Data for this task:
+ + + + +

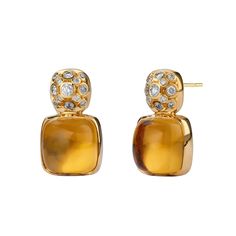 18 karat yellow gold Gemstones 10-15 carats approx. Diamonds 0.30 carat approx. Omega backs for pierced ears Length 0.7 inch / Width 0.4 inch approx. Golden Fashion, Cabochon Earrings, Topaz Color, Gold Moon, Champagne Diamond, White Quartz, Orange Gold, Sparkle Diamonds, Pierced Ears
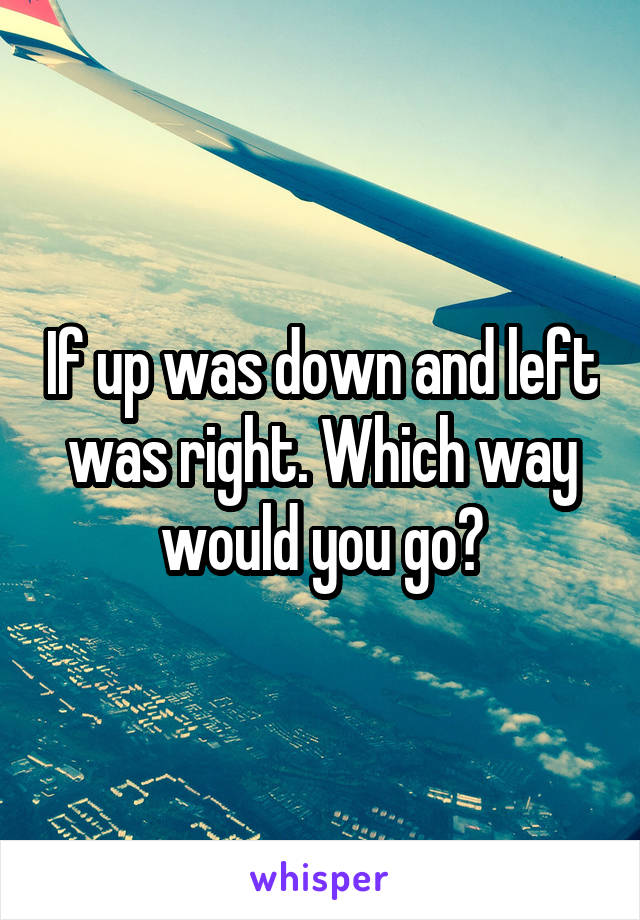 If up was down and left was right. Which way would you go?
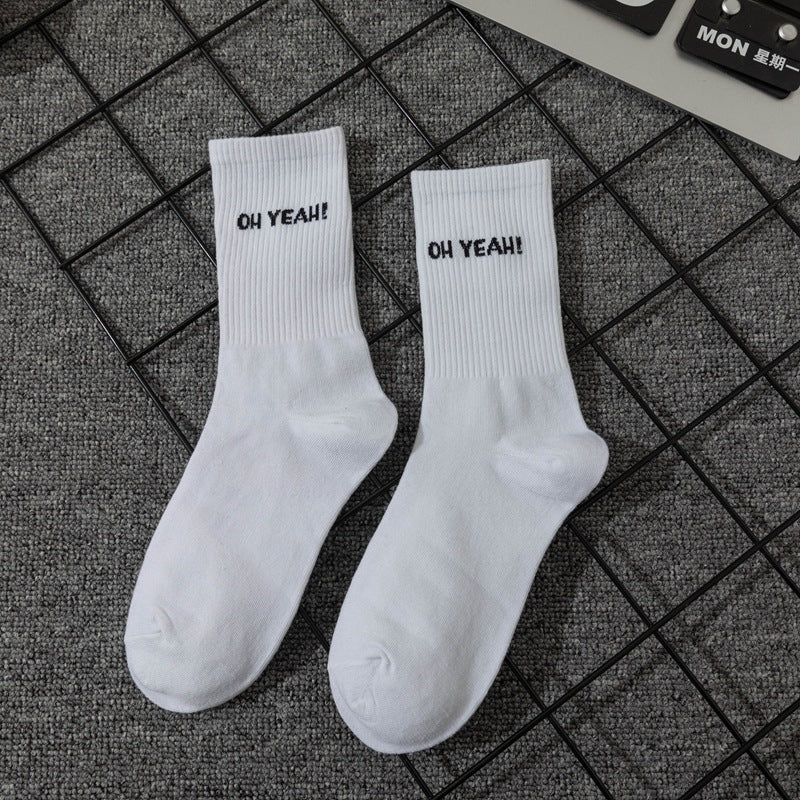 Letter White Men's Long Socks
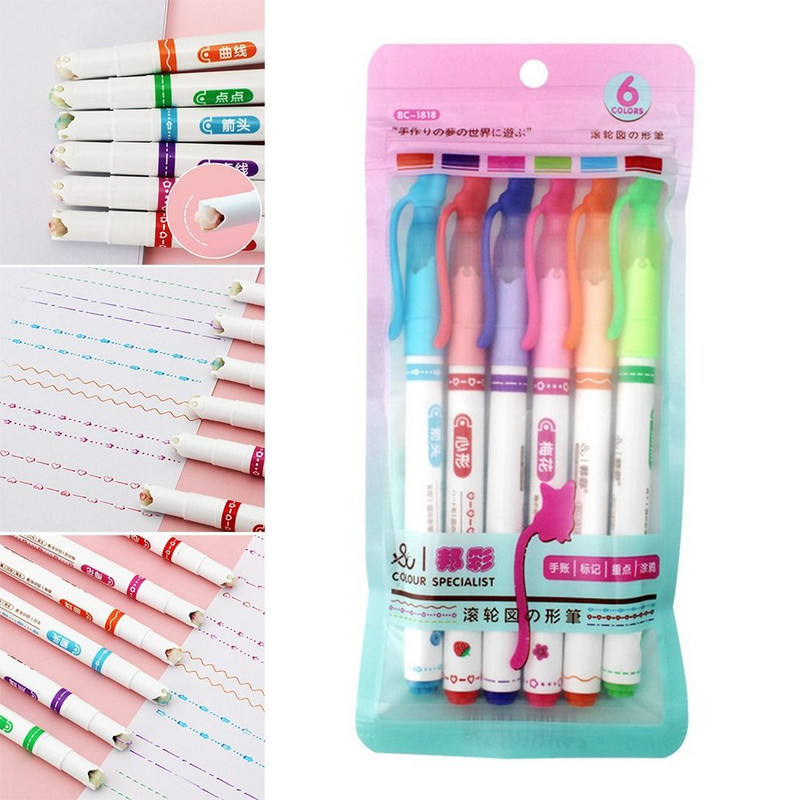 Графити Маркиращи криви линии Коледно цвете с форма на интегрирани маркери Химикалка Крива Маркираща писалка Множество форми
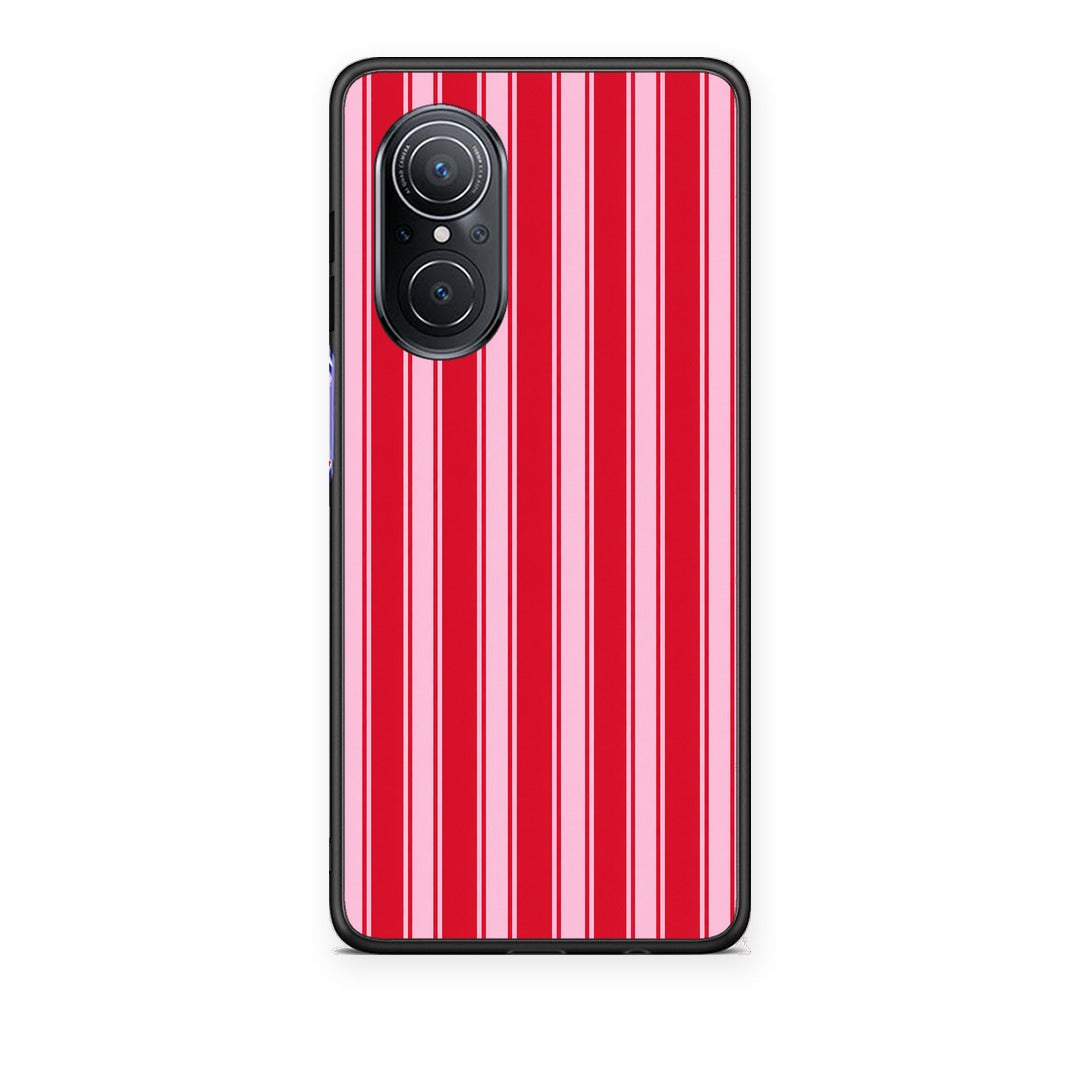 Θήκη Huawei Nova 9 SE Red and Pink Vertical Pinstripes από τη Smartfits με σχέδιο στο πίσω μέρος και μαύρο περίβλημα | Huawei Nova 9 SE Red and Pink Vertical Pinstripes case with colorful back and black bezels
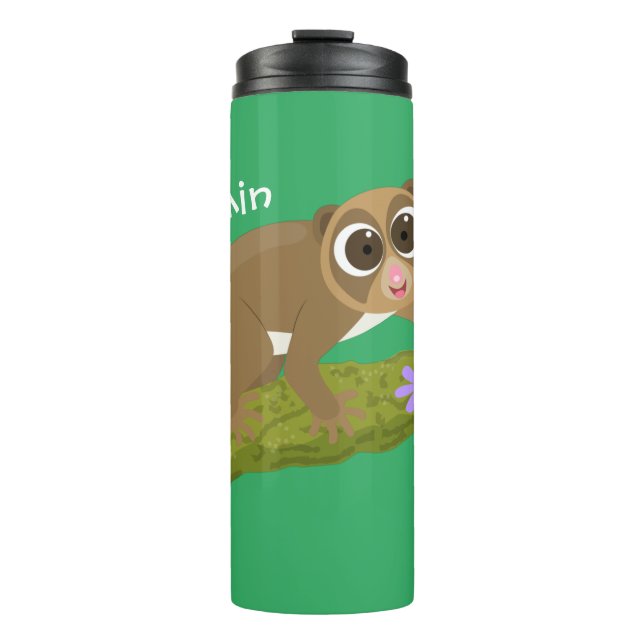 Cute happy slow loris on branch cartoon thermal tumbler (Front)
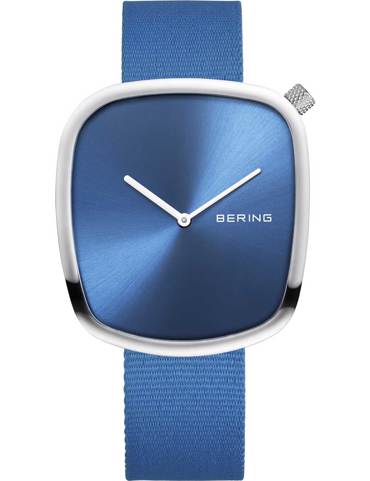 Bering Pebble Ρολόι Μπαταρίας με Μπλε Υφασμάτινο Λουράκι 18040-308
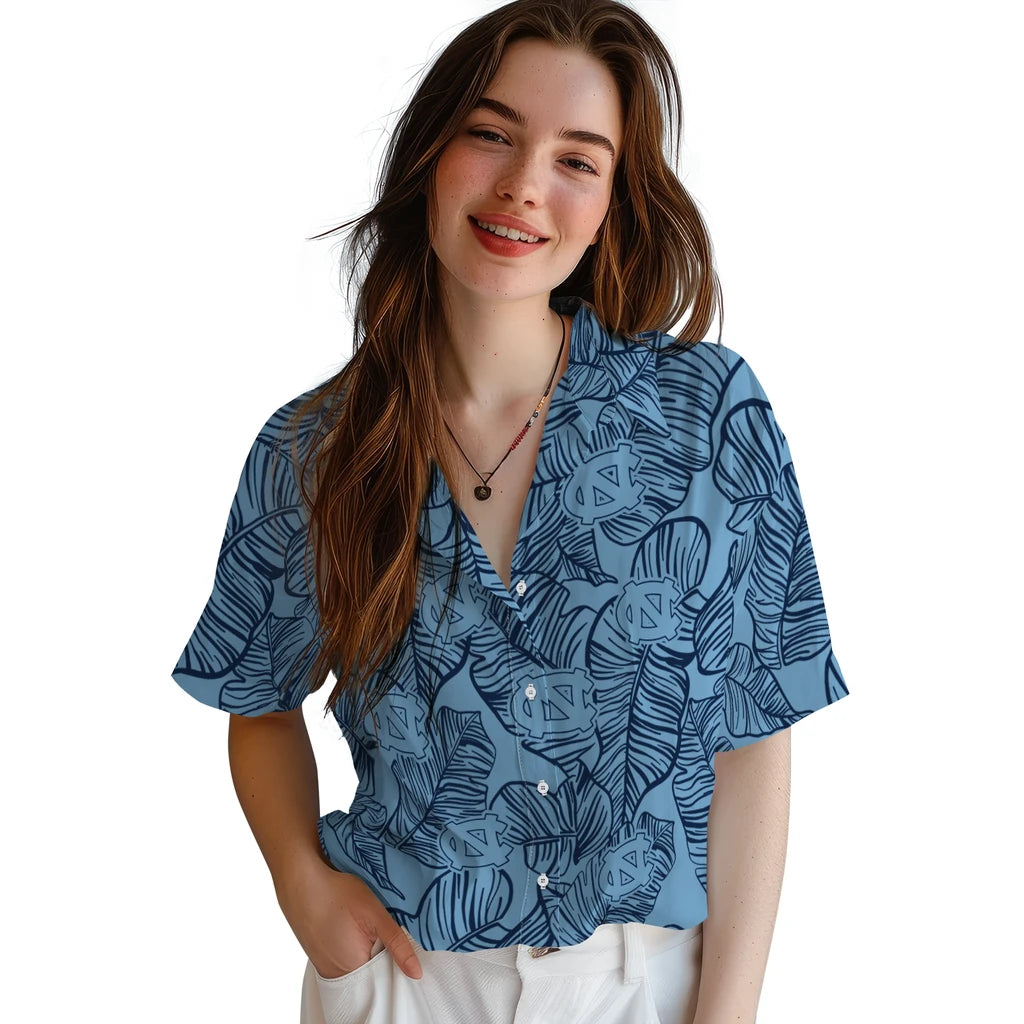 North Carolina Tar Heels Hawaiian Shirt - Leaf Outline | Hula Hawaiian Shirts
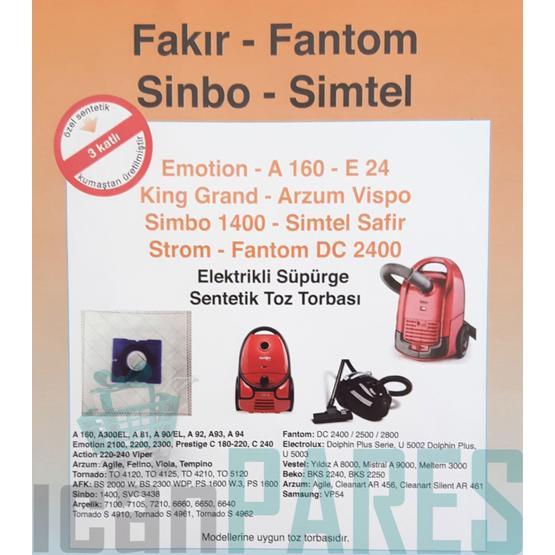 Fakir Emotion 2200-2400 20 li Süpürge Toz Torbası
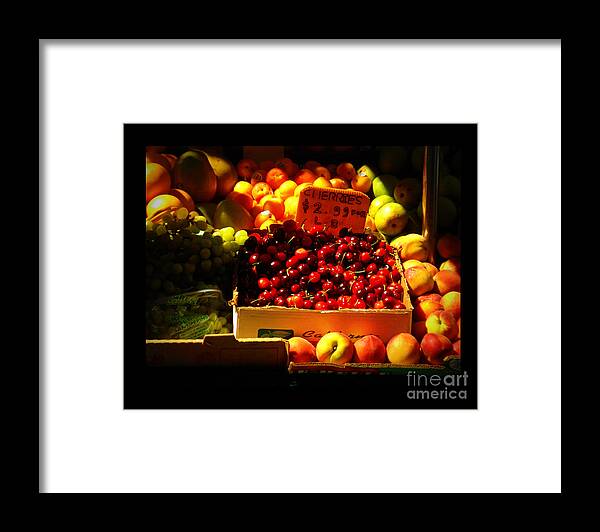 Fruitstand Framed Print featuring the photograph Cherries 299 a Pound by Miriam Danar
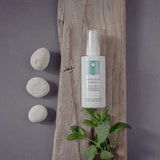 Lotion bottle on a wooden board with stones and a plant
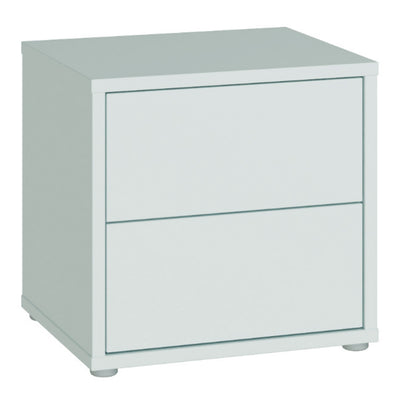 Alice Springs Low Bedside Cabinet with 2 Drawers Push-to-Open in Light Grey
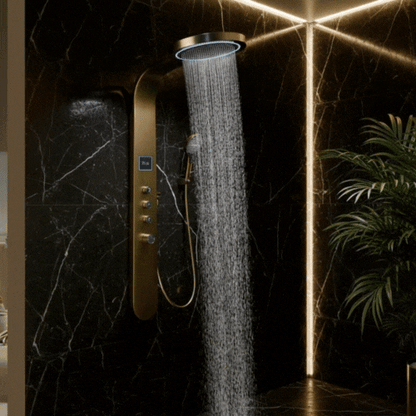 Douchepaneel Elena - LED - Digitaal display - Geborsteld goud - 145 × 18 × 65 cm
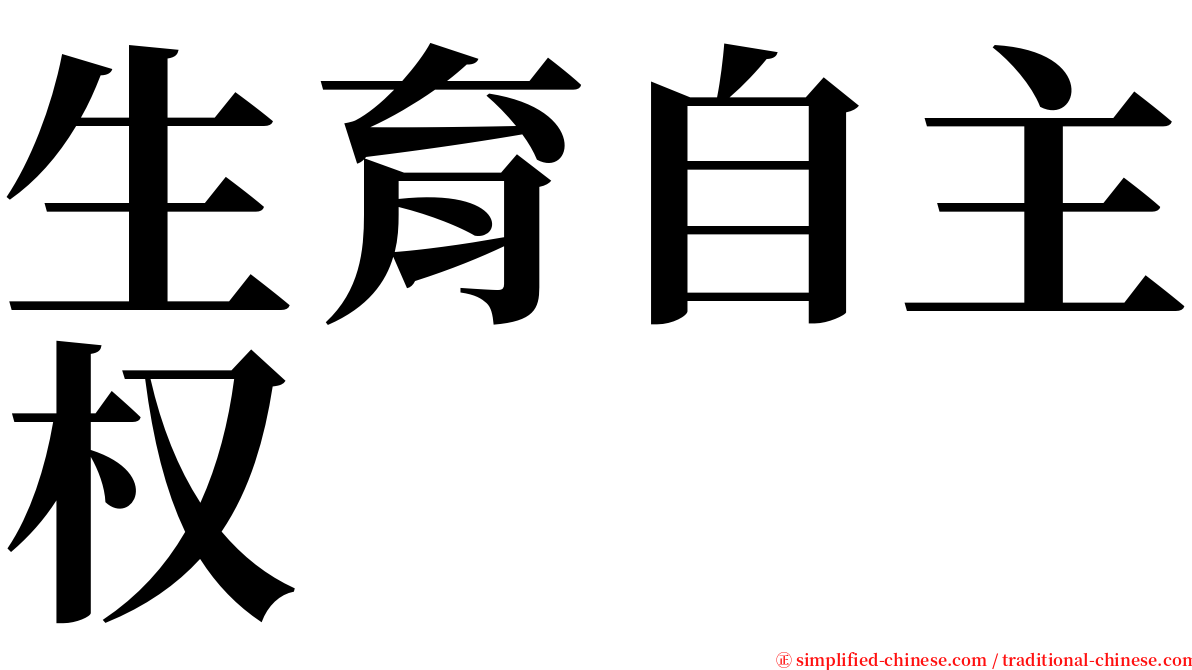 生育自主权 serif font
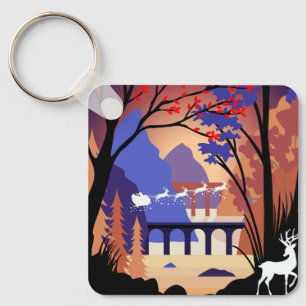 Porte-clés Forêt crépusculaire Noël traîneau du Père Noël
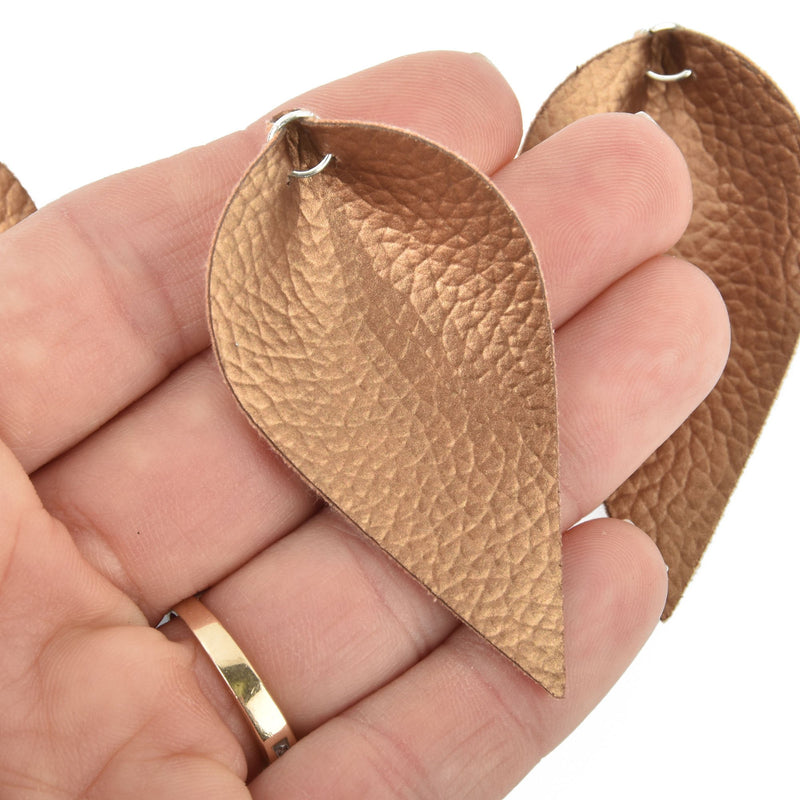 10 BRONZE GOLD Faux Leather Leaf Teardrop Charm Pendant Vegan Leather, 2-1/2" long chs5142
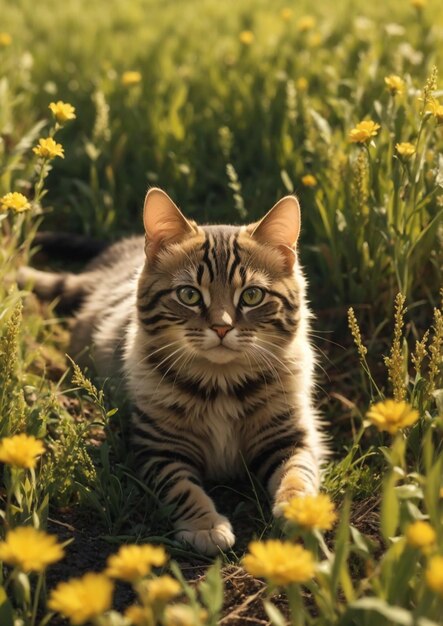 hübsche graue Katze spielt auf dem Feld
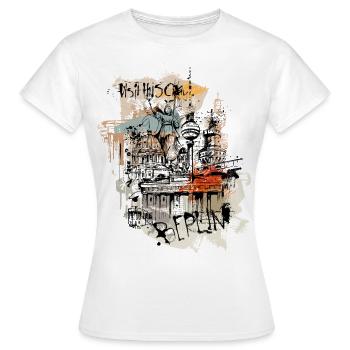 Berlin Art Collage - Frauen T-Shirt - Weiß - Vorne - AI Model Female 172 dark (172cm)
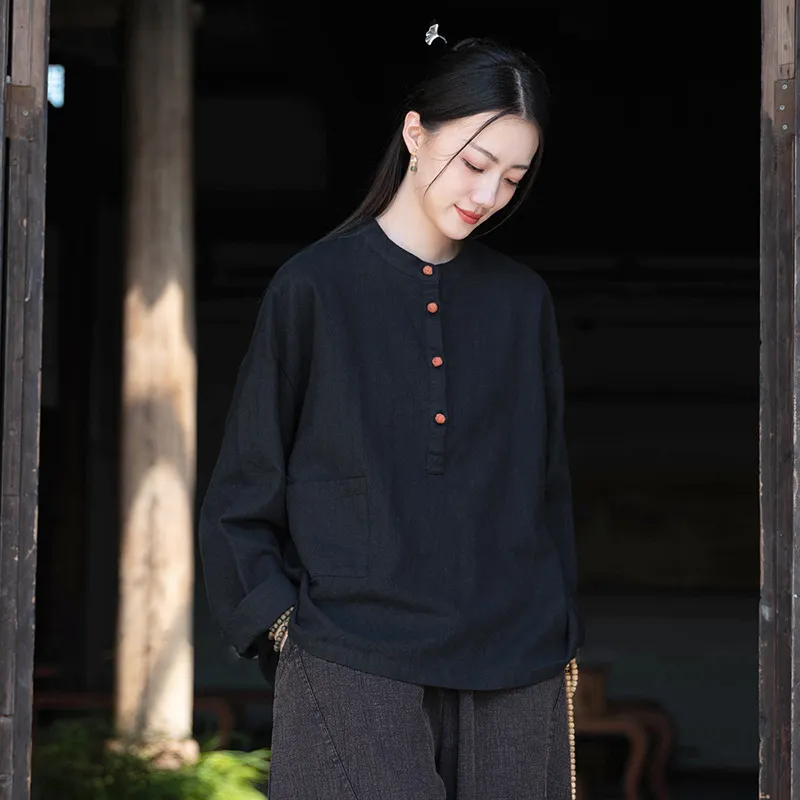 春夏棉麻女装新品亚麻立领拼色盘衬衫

+ + + + +

What this task involves:
The lines from the one containing "Porte-clés Forêt crépusculaire" to the final line of the material, both ends included, should be retyped exactly and alone, with no pictures.

Solution for this exercise:
 Porte-clés Forêt crépusculaire Noël traîneau du Père Noël
 10 BRONZE GOLD Faux Leather Leaf Teardrop Charm Pendant Vegan Leather, 2-1/2" long chs5142
 hübsche graue Katze spielt auf dem Feld
 Berlin Art Collage - Frauen T-Shirt - Weiß - Vorne - AI Model Female 172 dark (172cm)
 春夏棉麻女装新品亚麻立领拼色盘衬衫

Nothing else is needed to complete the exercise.